Saudi Arabia only noted most other recommendations relating to the death penalty, including calls to establish a moratorium, and for drug-related crimes specifically. Despite a 2018 pledge from Crown Prince Mohammed bin Salman to reduce use of the death penalty, the rate of executions has continued to rise, and in 2023 at least 172 individuals were executed, the third highest known figure globally.
Saudi Arabia supported only one recommendation related to the abolition of the death penalty, and partially, namely to “abolish the death penalty or at the very least limit it to the most serious crimes while applying a narrow definition of terrorism and abolishing it for all juvenile offenders” (43.109).

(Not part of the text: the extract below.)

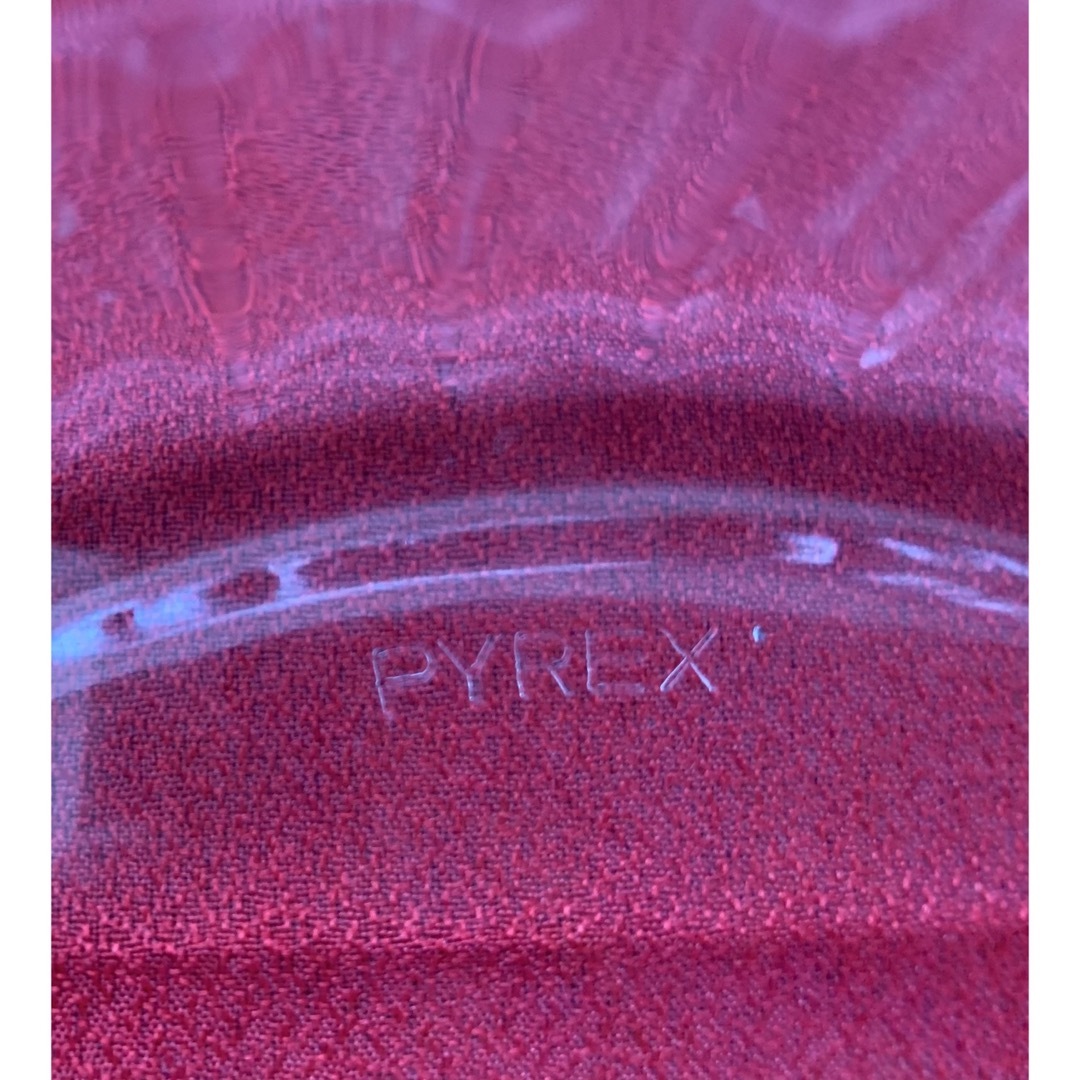 Pyrex(パイレックス)のフランス製 パイレックス ガラスグラタン皿 カゴ付き　ヴィンテージ レトロ インテリア/住まい/日用品のキッチン/食器(調理道具/製菓道具)の商品写真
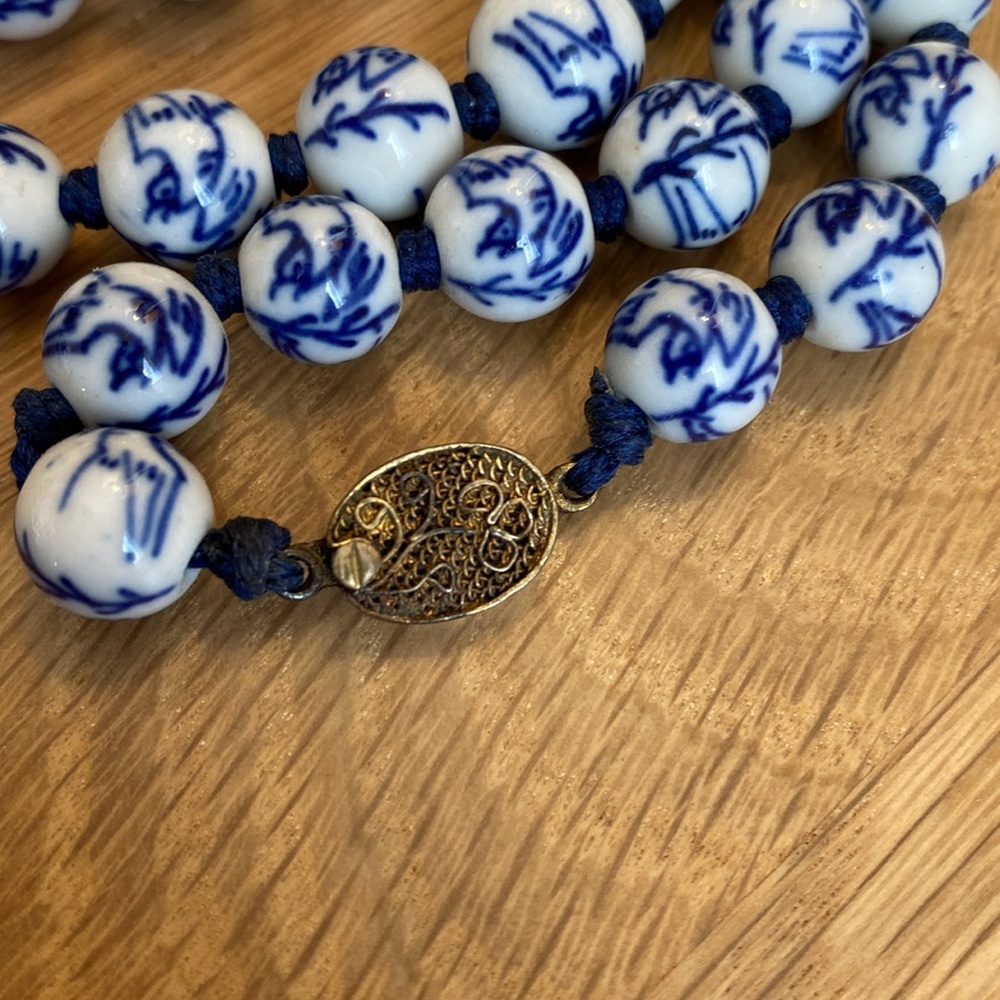 ASIAN beaded necklace. Silver clasp. Individually tied beads. Rich blue color! - Picture 4 of 6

Many states had called for the abolition of the death penalty for minors, which Saudi Arabia’s authorities partially accepted, but only on the false basis that they consider it partially implemented “due to the issuance of the Juveniles Law”. In reality, the 2018 Juveniles Law, as well as a follow-up Royal Decree in 2020 that has yet to be published, leaves open significant loopholes that allow child defendants to be sentenced to death. The SHRC has insisted that “no one in Saudi Arabia will be executed for a crime committed as a minor”, but this has been exposed as an empty pledge; several child defendants remain at imminent risk of execution. If these claims are at all serious, their death sentences must be quashed immediately. This is a recommendation of major significance that civil society will closely monitor to ensure its implementation.